I'm new to using Dask but have experienced painfully slow performance when attempting to re-write native sklearn functions in Dask. I've simplified the use-case as much as possible in hope of getting some help.
Using standard sklearn/numpy/pandas etc I have the following:
df = pd.read_csv(location, index_col=False) # A ~75MB CSV
# Build feature list and dependent variables, code irrelevant
from sklearn import linear_model
model = linear_model.Lasso(alpha=0.1, normalize=False, max_iter=100, tol=Tol)
model.fit(features.values, dependent)
print(model.coef_)
print(model.intercept_)
This takes a few seconds to compute. I then have the following in Dask:
# Read in CSV and prepare params like before but using dask arrays/dataframes instead
with joblib.parallel_backend('dask'):
from dask_glm.estimators import LinearRegression
# Coerce data
X = self.features.to_dask_array(lengths=True)
y = self.dependents
# Build regression
lr = LinearRegression(fit_intercept=True, solver='admm', tol=self.tolerance, regularizer='l1', max_iter=100, lamduh=0.1)
lr.fit(X, y)
print(lr.coef_)
print(lr.intercept_)
Which takes ages to compute (about 30 minutes).
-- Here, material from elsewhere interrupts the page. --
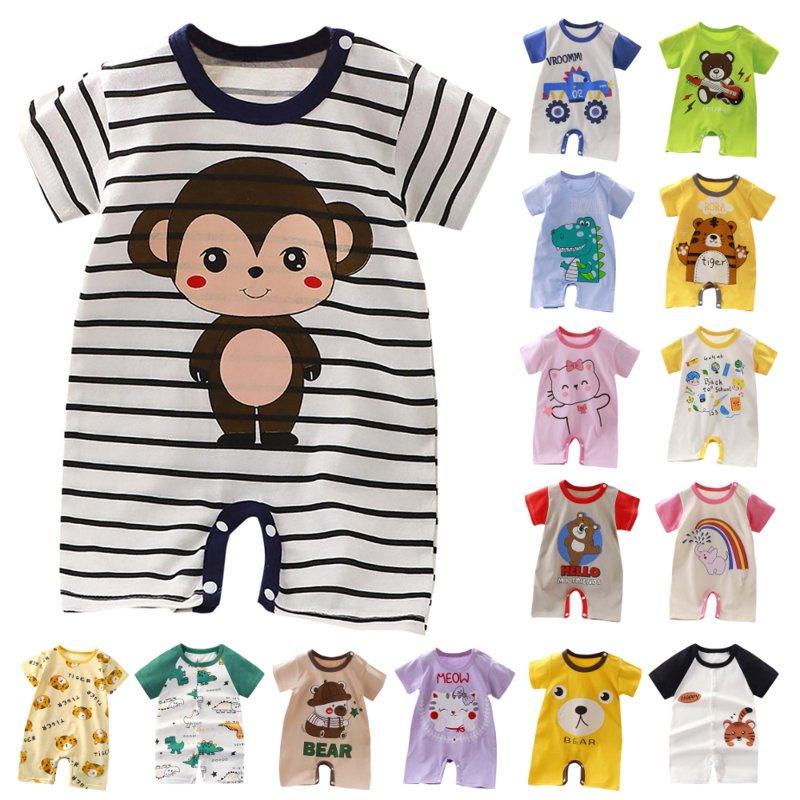 Summer Savings Clearance BXSRUTA Baby Boy Girl Romper Summer Clothing Newborn Baby Cotton Short Sleeve Thin Crawling Suit Baby Onesie Ha Clothes Baby Clothes 18M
I only have 1 Dask worker in my development cluster but that has 16GB ram and unbounded CPU.
Has anyone any idea why this is so slow?
Hopefully my code omissions aren't significant!
NB: This is the simplest use-case before people ask why even use Dask - this was used as a proof of concept exercise to check that things would function as expected.